Months after RIDOT was warned about the material being dumped in Olneyville in a residential neighborhood, Alviti went on the same talk show and misled listeners in September of 2020.

“So basically we've proven that the fill that was brought in is OK, but we're concerned and I think the investigation is going to continue, because we're concerned that another agenda is going on here. We don't know what it is,” said Alviti on the Gene Valicenti radio show, two days after the first GoLocal investigative story — a series that sparked both state and federal investigations.

Alviti's claim on another agenda was to blame James White, the whistleblower. 

However, just days after Alviti’s denial on the radio, new tests conducted by the Rhode Island Department of Environmental Management (RIDEM) deemed the site contaminated. RIDEM ordered RIDOT and Barletta to remove the soil. The Resource Recovery Facility and another landfill in Rhode Island refused to accept the material.

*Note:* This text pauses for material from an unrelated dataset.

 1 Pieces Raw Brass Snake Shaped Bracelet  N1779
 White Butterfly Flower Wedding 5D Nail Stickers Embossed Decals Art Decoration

Alviti’s statements on Gene Valicenti were proven to be lies.

In October of 2022, the U.S. Department of Justice signed a non-prosecution agreement with Barletta Heavy Machine in October of 2022 and the project manager on the 6/10 project Dennis Ferreira pled guilty to multiple charges.

Then, in January, Rhode Island Attorney General Peter Neronha indicted Barletta (the company) and the same employee.

Ferreira has pled innocent to state charges.

 

146 Cost Overruns, Alviti Claimed Illegal Documents

Ten days after a GoLocal investigation in 2022 unveiled that RIDOT awarded a $167 million bid to Skanska and JH Lynch — a bid that was $34 million than the lowest bid and $47 million more than RIDOT staff had estimated —  Alviti took to talk radio and claimed that the information about the bids was "illegally" secured.

On the same WPRO talk radio show hosted by Valicenti, Alviti said regarding RIDOT documents being publicly disclosed, "Well, people who either are obtaining information illegally or obtaining information through back channels [but] it's wrong."

But when Alviti’s office was asked to explain what public documents were “obtained illegally” the agency did not respond.